Minggu, 19 April 2009

Bijak dalam berbuat

pepatah mengatakan "mulutmu harimaumu" yang artinya bahwa setiap ucapan maupun perbuatan yang kita lakukan akan kembali kepada diri kita sendiri. pepatah lain mengatakan "karena nila setitik rusak susu sebelangah" pepatah inilah yang sering didengar oleh semua orang namun sering dilanggar..

tanpa disadari, setiap ucapan maupun perbuatan baik itu baik ataupun buruk, dampaknya ternyata tidak hanya akan dirasakan oleh diri kita sendiri, tetapi juga oleh institusi atau kelembagaan lain yang secara sadar maupun tidak sadar diwakili oleh diri kita.
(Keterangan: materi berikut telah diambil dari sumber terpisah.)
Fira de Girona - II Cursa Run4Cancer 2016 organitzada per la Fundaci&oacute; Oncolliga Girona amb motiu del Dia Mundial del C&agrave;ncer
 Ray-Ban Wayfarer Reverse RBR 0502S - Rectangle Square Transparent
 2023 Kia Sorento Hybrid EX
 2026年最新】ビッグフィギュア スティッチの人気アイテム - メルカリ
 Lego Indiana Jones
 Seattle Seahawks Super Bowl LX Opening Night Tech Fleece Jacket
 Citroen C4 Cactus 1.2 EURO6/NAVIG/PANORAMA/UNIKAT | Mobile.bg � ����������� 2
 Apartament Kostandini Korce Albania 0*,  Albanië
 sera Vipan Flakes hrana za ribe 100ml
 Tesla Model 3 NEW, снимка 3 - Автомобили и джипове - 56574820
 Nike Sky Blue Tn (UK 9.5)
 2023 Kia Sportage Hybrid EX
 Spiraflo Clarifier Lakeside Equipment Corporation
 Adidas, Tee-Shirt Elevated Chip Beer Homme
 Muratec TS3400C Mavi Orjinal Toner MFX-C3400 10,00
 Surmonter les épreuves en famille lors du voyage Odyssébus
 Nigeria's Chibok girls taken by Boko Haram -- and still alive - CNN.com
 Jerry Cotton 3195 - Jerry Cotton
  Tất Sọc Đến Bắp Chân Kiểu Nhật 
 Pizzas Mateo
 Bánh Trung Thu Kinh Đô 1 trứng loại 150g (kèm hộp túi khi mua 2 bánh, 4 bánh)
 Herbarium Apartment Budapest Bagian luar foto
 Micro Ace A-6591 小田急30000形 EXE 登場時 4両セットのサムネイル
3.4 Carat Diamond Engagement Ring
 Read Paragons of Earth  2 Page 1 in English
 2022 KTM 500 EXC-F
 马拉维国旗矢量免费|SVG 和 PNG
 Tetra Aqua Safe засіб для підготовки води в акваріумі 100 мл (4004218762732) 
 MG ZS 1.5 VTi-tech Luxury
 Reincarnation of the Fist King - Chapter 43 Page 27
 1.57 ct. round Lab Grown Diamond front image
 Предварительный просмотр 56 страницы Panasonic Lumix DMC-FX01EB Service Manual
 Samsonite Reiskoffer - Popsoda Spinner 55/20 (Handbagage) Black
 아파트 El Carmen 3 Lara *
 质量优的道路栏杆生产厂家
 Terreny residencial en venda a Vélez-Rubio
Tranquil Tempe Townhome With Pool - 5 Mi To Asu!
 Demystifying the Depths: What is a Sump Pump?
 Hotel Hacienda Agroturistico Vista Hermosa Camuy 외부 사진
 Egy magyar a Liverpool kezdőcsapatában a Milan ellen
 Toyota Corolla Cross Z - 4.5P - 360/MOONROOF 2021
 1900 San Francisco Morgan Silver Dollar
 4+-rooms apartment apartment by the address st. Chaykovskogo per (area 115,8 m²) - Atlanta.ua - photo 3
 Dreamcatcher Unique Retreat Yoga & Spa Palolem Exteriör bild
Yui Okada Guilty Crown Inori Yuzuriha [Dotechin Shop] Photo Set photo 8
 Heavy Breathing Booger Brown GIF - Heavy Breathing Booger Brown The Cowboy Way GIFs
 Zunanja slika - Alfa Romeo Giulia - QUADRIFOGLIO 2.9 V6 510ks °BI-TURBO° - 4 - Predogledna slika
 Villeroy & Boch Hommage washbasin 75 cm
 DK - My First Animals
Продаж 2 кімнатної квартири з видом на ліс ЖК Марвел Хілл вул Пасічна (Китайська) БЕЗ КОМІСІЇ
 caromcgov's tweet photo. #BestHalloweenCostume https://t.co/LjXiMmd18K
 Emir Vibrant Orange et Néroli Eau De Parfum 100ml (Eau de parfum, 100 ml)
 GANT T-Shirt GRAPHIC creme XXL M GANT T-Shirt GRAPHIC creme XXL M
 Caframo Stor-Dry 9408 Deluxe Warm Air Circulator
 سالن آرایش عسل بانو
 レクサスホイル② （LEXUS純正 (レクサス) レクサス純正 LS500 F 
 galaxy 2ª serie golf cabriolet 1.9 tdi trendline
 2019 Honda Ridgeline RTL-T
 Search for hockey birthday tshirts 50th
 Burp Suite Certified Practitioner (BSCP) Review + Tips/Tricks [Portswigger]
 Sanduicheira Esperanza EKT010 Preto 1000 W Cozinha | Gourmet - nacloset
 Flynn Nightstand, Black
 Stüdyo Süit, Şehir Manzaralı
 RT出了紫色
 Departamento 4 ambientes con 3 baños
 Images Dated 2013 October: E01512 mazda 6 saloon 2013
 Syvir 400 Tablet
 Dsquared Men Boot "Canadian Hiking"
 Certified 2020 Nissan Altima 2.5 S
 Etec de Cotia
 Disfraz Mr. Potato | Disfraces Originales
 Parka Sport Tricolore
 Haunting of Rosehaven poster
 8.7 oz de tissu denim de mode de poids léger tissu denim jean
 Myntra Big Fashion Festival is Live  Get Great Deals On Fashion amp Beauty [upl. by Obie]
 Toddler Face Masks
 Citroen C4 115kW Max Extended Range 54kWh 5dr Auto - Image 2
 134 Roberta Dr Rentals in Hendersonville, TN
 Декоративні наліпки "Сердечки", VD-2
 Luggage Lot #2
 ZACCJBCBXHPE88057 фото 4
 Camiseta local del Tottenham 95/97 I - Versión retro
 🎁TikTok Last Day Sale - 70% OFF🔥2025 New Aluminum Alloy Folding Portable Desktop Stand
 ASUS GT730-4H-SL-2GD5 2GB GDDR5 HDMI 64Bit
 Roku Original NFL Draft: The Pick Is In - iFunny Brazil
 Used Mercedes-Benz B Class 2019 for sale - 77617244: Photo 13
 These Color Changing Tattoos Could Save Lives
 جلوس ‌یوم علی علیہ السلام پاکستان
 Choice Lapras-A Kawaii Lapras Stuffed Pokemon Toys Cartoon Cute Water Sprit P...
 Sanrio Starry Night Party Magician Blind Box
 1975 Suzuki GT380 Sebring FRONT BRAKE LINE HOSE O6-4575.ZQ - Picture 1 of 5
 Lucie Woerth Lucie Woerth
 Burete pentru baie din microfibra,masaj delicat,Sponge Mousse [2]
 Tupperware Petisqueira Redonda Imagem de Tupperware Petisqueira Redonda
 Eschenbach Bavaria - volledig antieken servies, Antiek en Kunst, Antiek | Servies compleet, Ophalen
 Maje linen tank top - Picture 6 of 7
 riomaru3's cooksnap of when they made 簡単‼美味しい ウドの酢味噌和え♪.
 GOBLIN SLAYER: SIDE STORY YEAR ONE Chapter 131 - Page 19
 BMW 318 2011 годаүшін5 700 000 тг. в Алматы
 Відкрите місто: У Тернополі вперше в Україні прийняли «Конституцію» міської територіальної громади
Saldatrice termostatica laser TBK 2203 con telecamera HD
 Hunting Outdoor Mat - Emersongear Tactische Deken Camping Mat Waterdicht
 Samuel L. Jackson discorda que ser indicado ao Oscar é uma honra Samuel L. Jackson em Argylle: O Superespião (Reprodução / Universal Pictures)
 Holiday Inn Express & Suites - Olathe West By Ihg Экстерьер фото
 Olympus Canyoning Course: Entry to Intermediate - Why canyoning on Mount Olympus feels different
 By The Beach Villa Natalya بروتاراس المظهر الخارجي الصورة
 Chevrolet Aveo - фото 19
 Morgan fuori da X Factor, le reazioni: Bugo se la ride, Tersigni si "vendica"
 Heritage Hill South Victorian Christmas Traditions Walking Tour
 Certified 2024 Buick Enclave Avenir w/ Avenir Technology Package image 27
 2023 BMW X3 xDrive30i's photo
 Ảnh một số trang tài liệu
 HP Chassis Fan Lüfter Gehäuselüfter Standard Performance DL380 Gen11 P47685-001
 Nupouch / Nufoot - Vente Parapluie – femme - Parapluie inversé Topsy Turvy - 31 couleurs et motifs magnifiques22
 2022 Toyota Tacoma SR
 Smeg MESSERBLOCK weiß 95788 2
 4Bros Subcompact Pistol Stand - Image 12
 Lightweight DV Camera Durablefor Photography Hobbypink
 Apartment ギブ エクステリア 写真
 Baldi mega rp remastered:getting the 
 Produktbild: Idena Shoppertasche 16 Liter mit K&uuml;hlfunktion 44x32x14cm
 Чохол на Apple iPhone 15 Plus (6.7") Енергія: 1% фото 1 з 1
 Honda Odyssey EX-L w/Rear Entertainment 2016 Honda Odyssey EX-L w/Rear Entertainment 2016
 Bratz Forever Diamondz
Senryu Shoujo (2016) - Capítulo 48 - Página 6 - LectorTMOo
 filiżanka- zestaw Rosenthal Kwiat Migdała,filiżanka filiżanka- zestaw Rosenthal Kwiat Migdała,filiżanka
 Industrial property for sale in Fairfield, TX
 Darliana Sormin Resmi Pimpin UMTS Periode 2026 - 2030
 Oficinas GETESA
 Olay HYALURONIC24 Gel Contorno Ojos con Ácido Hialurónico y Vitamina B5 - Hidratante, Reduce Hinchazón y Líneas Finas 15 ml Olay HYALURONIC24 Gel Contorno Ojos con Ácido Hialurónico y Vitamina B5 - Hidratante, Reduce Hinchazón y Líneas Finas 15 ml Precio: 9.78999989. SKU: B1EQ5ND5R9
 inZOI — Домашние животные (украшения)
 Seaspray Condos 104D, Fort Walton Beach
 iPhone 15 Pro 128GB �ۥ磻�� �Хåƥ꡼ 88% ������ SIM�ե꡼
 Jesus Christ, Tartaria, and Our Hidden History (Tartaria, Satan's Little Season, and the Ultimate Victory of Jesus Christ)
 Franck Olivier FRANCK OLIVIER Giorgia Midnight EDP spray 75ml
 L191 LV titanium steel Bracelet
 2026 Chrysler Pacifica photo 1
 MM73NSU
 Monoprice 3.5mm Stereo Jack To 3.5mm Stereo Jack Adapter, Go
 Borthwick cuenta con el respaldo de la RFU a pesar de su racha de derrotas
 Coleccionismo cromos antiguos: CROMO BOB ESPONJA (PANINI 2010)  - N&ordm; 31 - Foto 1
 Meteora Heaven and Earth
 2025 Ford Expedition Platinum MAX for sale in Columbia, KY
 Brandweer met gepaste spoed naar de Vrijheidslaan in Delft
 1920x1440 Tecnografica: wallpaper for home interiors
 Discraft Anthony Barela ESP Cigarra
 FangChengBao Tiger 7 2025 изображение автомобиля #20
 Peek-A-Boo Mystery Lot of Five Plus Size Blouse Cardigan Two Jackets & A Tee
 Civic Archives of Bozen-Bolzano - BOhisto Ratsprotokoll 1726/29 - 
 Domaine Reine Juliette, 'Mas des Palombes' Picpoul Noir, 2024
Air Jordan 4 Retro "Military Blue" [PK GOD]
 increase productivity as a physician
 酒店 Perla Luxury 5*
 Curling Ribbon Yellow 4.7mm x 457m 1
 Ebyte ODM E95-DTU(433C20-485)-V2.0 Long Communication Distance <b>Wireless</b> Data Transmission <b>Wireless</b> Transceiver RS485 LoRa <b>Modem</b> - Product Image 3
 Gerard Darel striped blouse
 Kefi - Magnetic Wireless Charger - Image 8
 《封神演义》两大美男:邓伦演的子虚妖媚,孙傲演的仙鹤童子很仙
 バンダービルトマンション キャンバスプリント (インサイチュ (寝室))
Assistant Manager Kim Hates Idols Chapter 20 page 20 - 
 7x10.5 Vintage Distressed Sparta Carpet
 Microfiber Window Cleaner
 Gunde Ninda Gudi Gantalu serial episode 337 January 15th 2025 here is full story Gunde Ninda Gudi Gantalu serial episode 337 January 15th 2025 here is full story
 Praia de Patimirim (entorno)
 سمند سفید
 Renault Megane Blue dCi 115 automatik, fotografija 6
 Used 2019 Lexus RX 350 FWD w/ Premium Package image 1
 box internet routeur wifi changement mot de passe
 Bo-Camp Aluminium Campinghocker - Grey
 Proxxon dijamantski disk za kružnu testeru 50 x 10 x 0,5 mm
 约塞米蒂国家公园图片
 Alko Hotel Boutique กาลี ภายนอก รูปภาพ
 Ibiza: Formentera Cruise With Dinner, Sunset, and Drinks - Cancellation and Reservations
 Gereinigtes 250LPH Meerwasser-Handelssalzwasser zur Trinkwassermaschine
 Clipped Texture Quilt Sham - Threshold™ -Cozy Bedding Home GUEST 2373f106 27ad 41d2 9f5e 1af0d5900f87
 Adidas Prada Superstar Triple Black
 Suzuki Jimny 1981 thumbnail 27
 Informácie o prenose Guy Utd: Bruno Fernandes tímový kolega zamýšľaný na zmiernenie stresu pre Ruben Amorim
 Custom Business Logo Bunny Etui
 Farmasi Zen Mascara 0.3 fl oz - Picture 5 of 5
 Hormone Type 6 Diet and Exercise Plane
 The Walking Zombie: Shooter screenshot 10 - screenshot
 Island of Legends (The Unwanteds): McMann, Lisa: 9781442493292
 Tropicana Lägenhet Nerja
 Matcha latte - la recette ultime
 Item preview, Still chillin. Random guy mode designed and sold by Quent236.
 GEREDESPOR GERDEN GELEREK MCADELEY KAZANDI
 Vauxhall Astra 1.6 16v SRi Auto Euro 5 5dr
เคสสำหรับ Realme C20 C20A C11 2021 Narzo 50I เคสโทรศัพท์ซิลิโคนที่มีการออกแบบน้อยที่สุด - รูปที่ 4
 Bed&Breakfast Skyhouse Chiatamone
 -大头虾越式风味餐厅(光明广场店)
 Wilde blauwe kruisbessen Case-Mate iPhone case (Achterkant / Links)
pernah kita mendengar ada anaknya "pak fulan" yang mati karena over dosis, pernah juga kita mendengar "si fulan" anaknya "pak fulan" kemarin dipergoki sedang berbuat mesum di rumah kosong. atau pernah pula kita mendengar, wah senang sekali ya seandainya kita menjadi "pak fulan", dia memiliki anak yang cerdas sampe2x bisa sekolah keluar negeri..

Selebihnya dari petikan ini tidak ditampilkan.